View Full Version : Would you say something?



basil
03-02-2021, 05:22 PM
DS is 9 and in 3rd grade. He's a very bright boy but...he has never been very motivated by grades or approval from teachers. He is usually most interested in getting work done just adequately enough to satisfy the requirements, then going back to playing or reading.

Over the past few weeks, his class has been working on an oral presentation. They were to be a historical figure from our state and give a short 3-6 min presentation to the class, including props and costume. DS is (IMO) a naturally talented presenter. He's enthusiastic and animated and not shy. With a fair bit of prodding from me, he worked pretty hard this weekend. He wrote out his own notecards, designed his own costume, made his own props and practiced at least 10 times. He was Ben Franklin and he found a picture of a DIY wig online made of pantyhose and yarn, so I sewed that for him, but otherwise didn't help other than remind him to work on it. He practiced over FaceTime last night to my dad, who is a career public speaker, and he said it was really good.

Today, I got an email from his teacher -

Hello,

Just want to let you know [DS] did a good job sharing his presentation this morning. He had good information to share and did a good job sharing it.

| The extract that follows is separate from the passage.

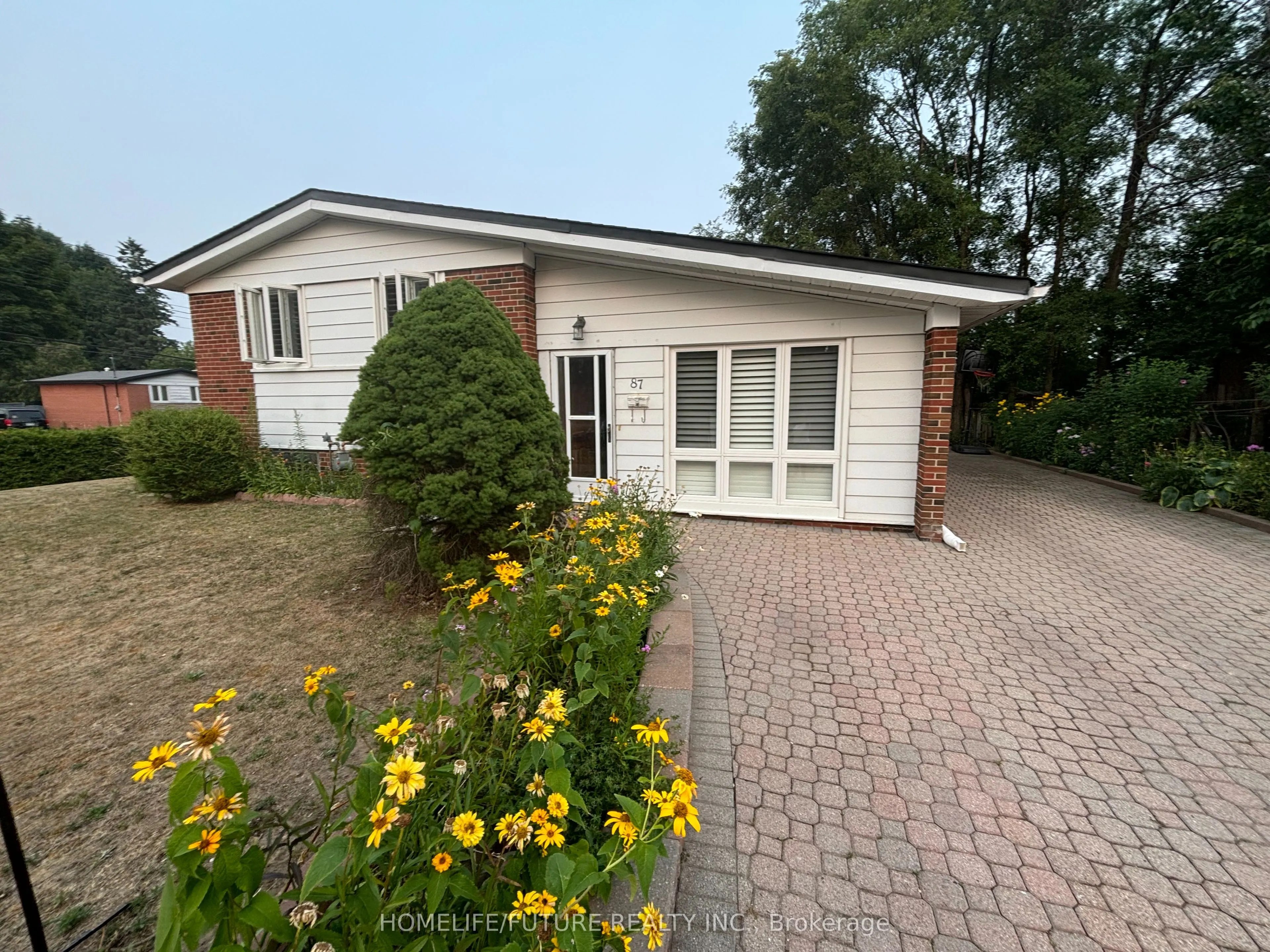 87 Pandora Circle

We learned some information from him.

-[Teacher]

I guess I'm sort of reading between the lines, but that seems like it's saying "He completed the assignment and did a barely adequate job". I know if I wrote an evaluation for one of my students or trainees or staff that said "this person did a good job. they learned some information." and ended it there, it would definitely be looked at as a red flag/negative eval!

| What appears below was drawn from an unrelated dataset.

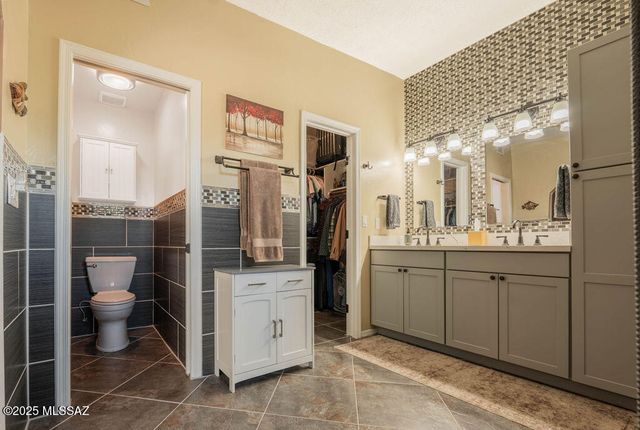 9301 N Moon View Place, Tucson, AZ 85742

I don't know if I'm supposed to reply to her? Half of me feels like I should write back and ask if there is specific feedback I should pass on to him, or ways to improve. Half of me feels I should leave it alone. My main concern is I would like DS to develop the association between working hard on something and getting good results. I'm afraid if he gets poor or mediocre marks on this, he will figure it isn't worth working hard on any school work in the future.

Globetrotter
03-02-2021, 05:25 PM
Is this the teacher’s normal style? I doubt She’s sending notes like this to all the kids who are doing an average job. It seems to me like she’s singling out his performance in a positive way, and that makes sense based on his practice run, but I agree that I would’ve been more enthusiastic in my wording.

Globetrotter
03-02-2021, 05:26 PM
My kids had a middle school teacher who wrote like this. Even her Facebook posts are written at third grade level…

ezcc
03-02-2021, 05:30 PM
I think you are reading too much into it- I would take it at face value as a compliment and would pass it along to ds as such. I get that it could be more effusive, but I don't think she is trying to be negative/unenthusiastic. I would just say thank you and move on :). If he gets a bad grade on it that would be worth following up, but I doubt that will be the case.

MSWR0319
03-02-2021, 05:32 PM
I don't see anything negative at all about that. Is it worded strangely? Yes. I got the impression that she thought he did a good job and his presentation had information in it that she thought was meaningful because they were able to learn from it. I agree with pp that she probably wasn't sending out emails to everyone and that he got singled out because his presentation was good.

basil
03-02-2021, 05:39 PM
Don't know if she sent out an email to every parent. There are only 8 kids in his Cohort right now, so it's not inconceivable. She also sent out a group email that said "Cohort A gave their biography presentations today and they did a great job:) They all agreed that the first 30 seconds was scary, but then it was "actually fun". They should all be proud of themselves!" Which just sort of reads a totally different tone to me!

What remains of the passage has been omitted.